- **What this task involves**
All lines below between the line with "Woolrich leather platform sneakers - Brown" and the line with "HORNADY PALLA ELD", including both, must be copied exactly, and the pictures must be omitted.

- **Extracted entries**
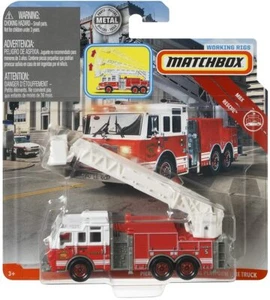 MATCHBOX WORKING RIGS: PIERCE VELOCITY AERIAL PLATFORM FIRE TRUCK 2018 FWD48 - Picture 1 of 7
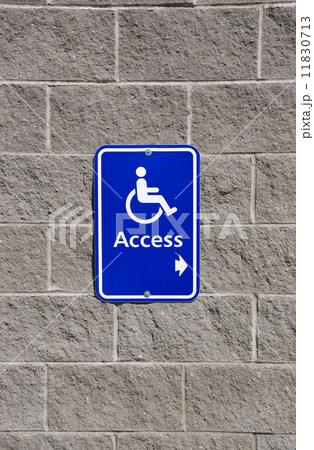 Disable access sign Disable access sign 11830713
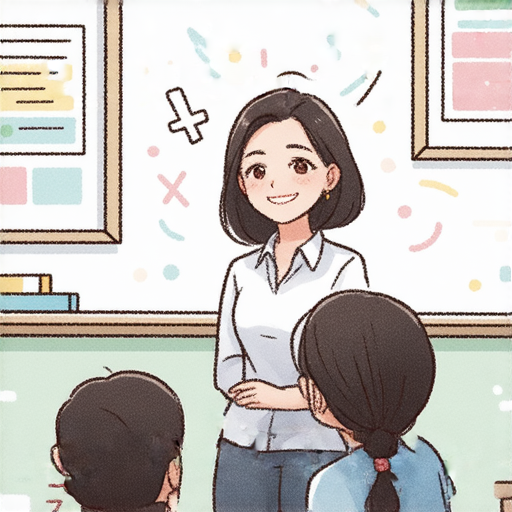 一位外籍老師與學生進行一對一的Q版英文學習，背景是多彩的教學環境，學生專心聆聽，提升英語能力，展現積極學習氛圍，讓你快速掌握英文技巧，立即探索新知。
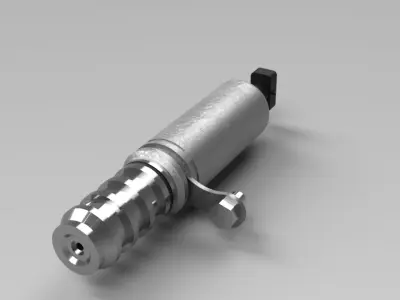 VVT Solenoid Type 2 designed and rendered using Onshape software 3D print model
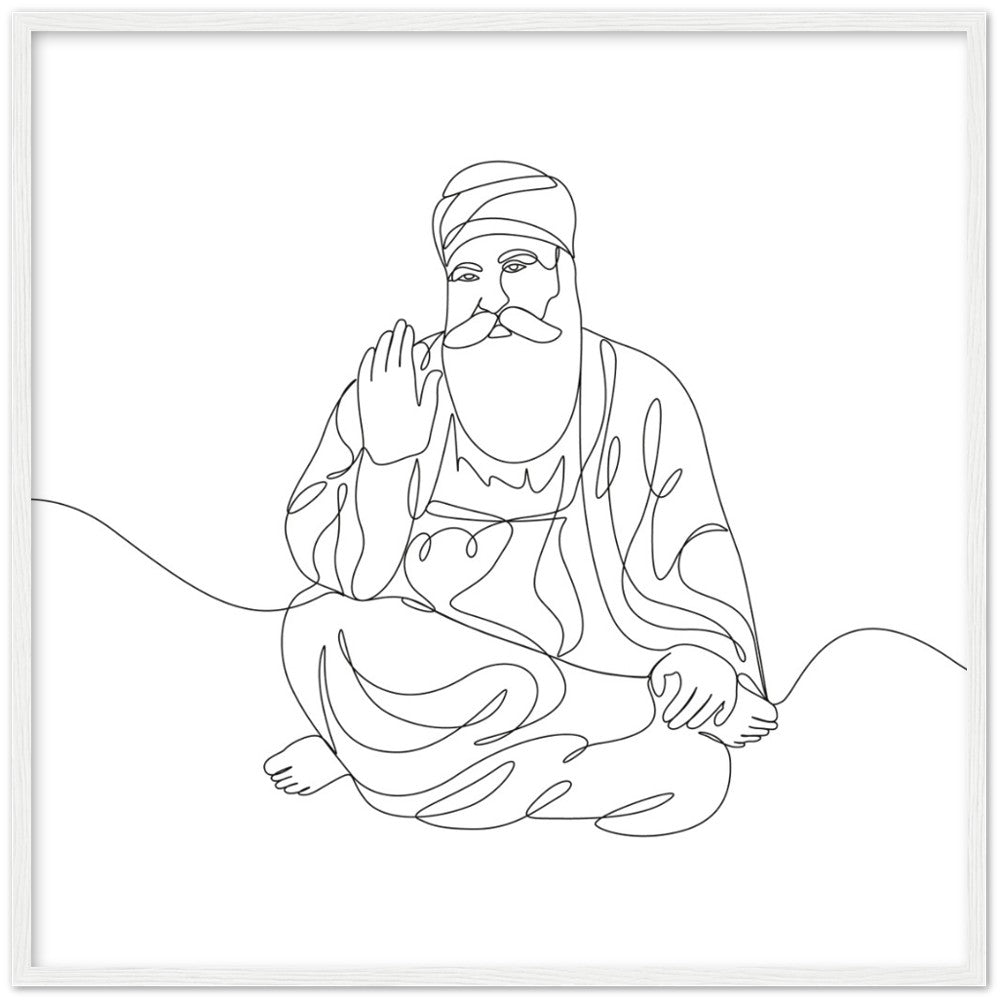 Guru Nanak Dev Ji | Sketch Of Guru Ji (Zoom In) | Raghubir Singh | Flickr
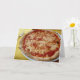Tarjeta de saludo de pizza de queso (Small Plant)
==
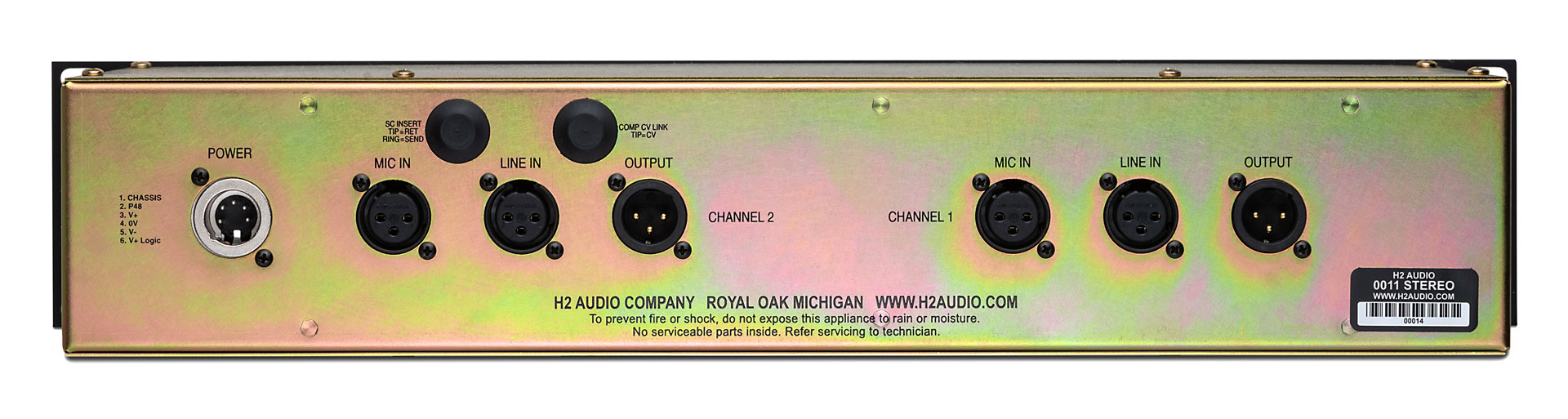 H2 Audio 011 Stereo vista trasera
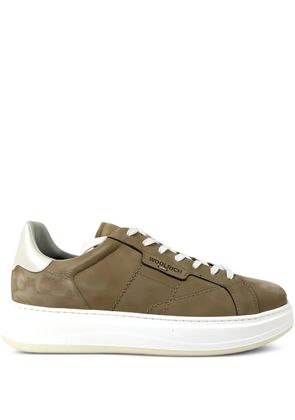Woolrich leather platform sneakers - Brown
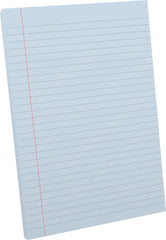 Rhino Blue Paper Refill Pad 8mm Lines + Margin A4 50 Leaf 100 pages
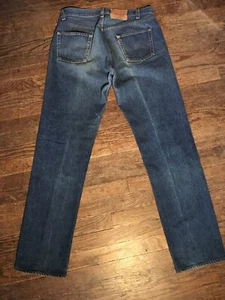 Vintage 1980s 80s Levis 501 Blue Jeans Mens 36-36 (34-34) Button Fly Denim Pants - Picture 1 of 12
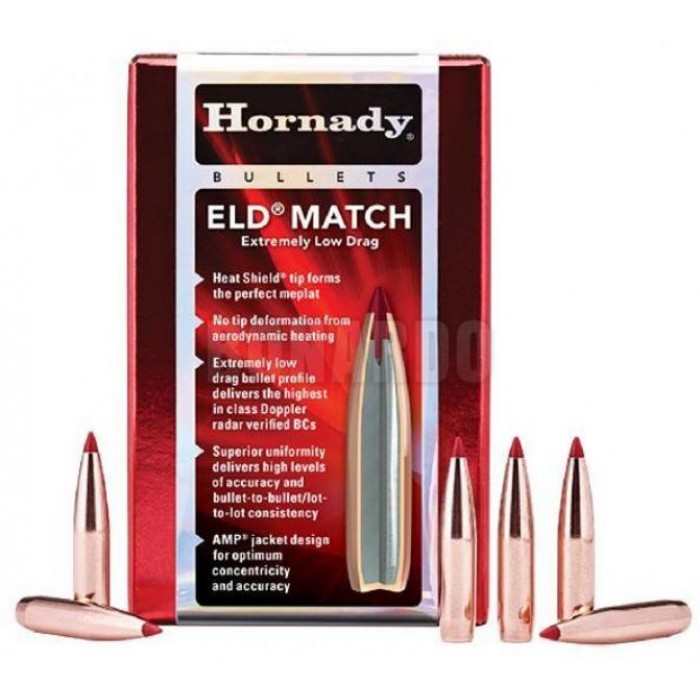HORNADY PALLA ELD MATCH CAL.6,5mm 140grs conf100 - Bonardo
...
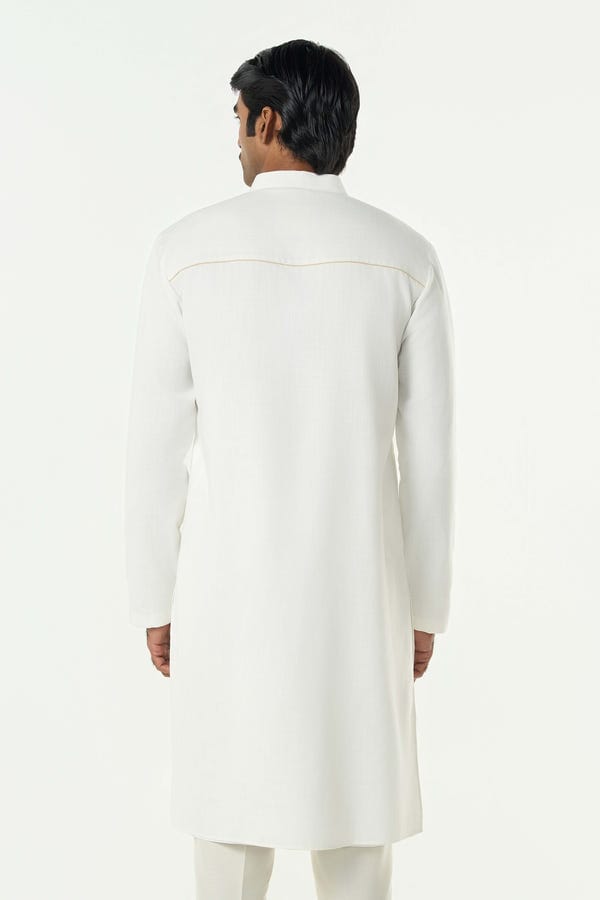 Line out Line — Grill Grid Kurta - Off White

- **Answer section**
Woolrich leather platform sneakers - Brown
 Rhino Blue Paper Refill Pad 8mm Lines + Margin A4 50 Leaf 100 pages
 Vintage 1980s 80s Levis 501 Blue Jeans Mens 36-36 (34-34) Button Fly Denim Pants - Picture 1 of 12
HORNADY PALLA ELD MATCH CAL.6,5mm 140grs conf100 - Bonardo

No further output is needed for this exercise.